# First MMA fight



## Marvin (May 31, 2006)

One of Wolverine Martial Arts coaches, Chris Reed, has his first MMA fight on June 17 at the "Rumble at the Roseland" in Portland OR. 
Should be a good fight!!!!


----------



## Brian R. VanCise (May 31, 2006)

Cool Marvin.  Wish him luck!

Brian R. VanCise
www.instinctiveresponsetraining.com


----------



## Rich Parsons (Jun 5, 2006)

Marvin said:
			
		

> One of Wolverine Martial Arts coaches, Chris Reed, has his first MMA fight on June 17 at the "Rumble at the Roseland" in Portland OR.
> Should be a good fight!!!!




Good Training and best wishes to Chris


----------



## green meanie (Jun 5, 2006)

Good luck to him. Let us know how it goes!


----------



## Henderson (Jun 5, 2006)

Yes...yes...good luck and an update when its done, please.


----------



## terryl965 (Jun 5, 2006)

Good luck and stay healthy.
Terry


----------



## AceHBK (Jun 5, 2006)

Wish him luck and let us know how it goes!


----------



## Marvin (Jun 5, 2006)

Thanks for the good wishes guys! His first opponent already backed out!


----------



## Henderson (Jun 5, 2006)

Marvin said:
			
		

> Thanks for the good wishes guys! His first opponent already backed out!


 
See that?!  His reputation alreadys precedes him. :lfao:


----------



## Marvin (Jun 18, 2006)

hey Chris won By RNC at about the 2:30 min mark with a very tough opponet !!! Very tired and drunk will have video later


----------



## Rich Parsons (Jun 18, 2006)

Marvin said:
			
		

> hey Chris won By RNC at about the 2:30 min mark with a very tough opponet !!! Very tired and drunk will have video later



Woo Hoo!

Marvin,

Tell Chris Congrats from me as well.


----------



## Marvin (Jun 22, 2006)

Lots of good matches.  SBGi, Team Quest, Team Chaos and others.
Ok, here's how it went down, Chris's opponent was from Team Chaos with a 3-0 record . Chris closed and hit him with strong double leg and got pulled into his guard. His opponent started atacking with  some serious armbars and triangles, Chris fought them off and stood up, started working some clinch pressure on the fence. Chris then hit him with a high croch takedown and landed in his opp. guard, this guy had a wicked guard game! His opp. almost had him in a 100%. But Chris turned out of it, got to side control, punched him in the face a few times and he turned his back and got choked for it.
Great job by Chris Reed!
Another good match was Dallas VanWinkle (SBGi) vs a guy from Team Quest. The first round Dallas was having a very hard time getting into the match, not aggressive at all, taking lots of shots to the face.
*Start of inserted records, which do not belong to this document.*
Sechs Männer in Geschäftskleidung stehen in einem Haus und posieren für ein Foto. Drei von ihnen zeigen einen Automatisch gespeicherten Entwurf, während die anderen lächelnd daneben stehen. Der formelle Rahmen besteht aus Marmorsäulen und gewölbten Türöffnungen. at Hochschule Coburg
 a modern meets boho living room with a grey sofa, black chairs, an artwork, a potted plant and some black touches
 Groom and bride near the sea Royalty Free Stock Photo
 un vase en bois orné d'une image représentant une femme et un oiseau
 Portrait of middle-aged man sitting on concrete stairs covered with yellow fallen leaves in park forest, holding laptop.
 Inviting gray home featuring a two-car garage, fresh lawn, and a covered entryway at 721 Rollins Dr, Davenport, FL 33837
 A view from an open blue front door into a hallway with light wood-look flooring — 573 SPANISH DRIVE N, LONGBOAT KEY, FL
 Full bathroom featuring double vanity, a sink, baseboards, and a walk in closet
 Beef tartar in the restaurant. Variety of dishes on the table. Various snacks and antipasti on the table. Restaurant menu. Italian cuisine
Only  landing a few thai kicks to the ribs of his opponent.
Round 2, Holy Smokes!!! You would have thought it was a different fighter! Dallas came out throwin' combos from everywhere. His oponent had nothing left after the first round. Dallas nocked him down  to the mat and hit him with some Ground n Pound, ref stopage at around 3 min of the second round!
Lot of good matches and sportsmanship with a few notable exceptions.


----------



## Marvin (Aug 6, 2006)

Here is the fight!
http://www.youtube.com/watch?v=NCOPfvK-EjA


----------